Canada’s wait for it’s first Olympic medal will unfortunately be extended four more years. Both Crispin Duenas of Ontario and Marie-Pier Beaudet of Quebec were eliminated in their opening match in London.

Crispin Duenas : http://www.tsn.ca/story/?id=402049

Marie-Pier Beaudet : http://www.tsn.ca/story/?id=401855

Nonetheless, I am very proud of them. While watching these games, I can empathize with the pressure that they are experiencing. After participating in the World Championship in Las Vegas this past winter, I have a new appreciation of the pressure that is cast-upon athletes at these competitions.

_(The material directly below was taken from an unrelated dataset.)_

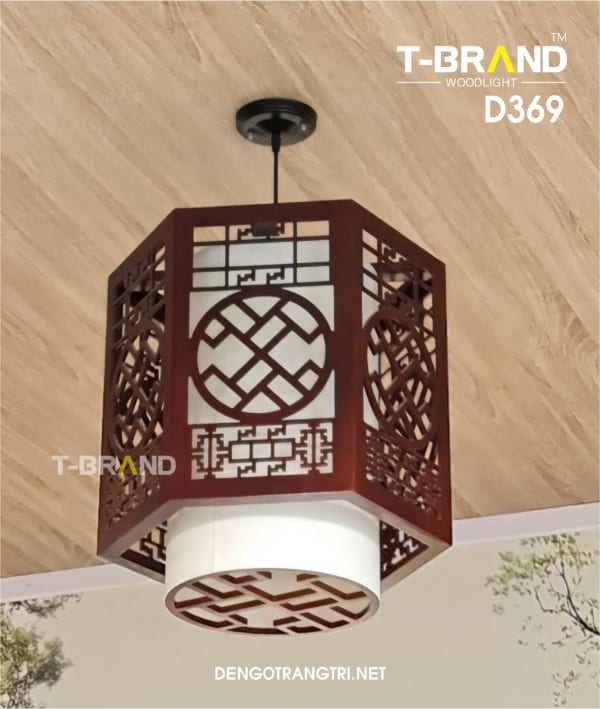 đèn gỗ treo trần nhà hàng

At large competitions like the Olympics and World Championships they try to make archery more viewer friendly for the spectators through the addition of commentators. This can be very nerve racking for the archers as they announce each shot and various competitors’ scores, sometimes right at the very moment of your release. In my team bronze medal match, the commentators were already declaring victory for the other team before we had finished shooting. It is almost impossible to block it out, at this level it is about who can manage their nerves and the pressure since they are all excellent shooters.

I have also read comments of news stories, blogs and twitter asking “Why is archery an Olympic sport?”.  For those people, I challenge you to pull 50 pounds, hold for 7 seconds with enough calm composure to hit an apple 70 meters away, adjusting on the fly for all the elements. Now repeat 72 times, consistently. It takes strength, endurance, and composure, just like any other sport.

All of these archers are amazing athletes and deserve to represent their respective countries at these games. For Canada, eighth and twenty-ninth in the world are awesome!

Congratulations, Team Canada on a job well done.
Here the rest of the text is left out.